- _GIVEN DATA_:
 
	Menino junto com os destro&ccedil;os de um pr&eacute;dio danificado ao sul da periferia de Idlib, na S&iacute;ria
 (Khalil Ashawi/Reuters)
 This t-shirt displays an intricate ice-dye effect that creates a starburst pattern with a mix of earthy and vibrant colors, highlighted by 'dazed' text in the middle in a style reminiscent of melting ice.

==

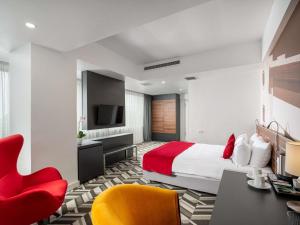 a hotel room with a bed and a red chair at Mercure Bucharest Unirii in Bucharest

--

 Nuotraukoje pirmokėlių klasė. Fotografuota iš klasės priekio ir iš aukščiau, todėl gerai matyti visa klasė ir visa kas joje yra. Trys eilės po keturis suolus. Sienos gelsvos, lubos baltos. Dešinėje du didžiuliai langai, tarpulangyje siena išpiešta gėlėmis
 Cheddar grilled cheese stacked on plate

- _EXERCISE BRIEF_: Above are the entries. Copy exactly the part that opens with the line containing "Menino junto com" and closes with the line containing "(Khalil Ashawi/Reuters)", and no more.

- _OUTPUT OF THE EXERCISE_:
	Menino junto com os destro&ccedil;os de um pr&eacute;dio danificado ao sul da periferia de Idlib, na S&iacute;ria
 (Khalil Ashawi/Reuters)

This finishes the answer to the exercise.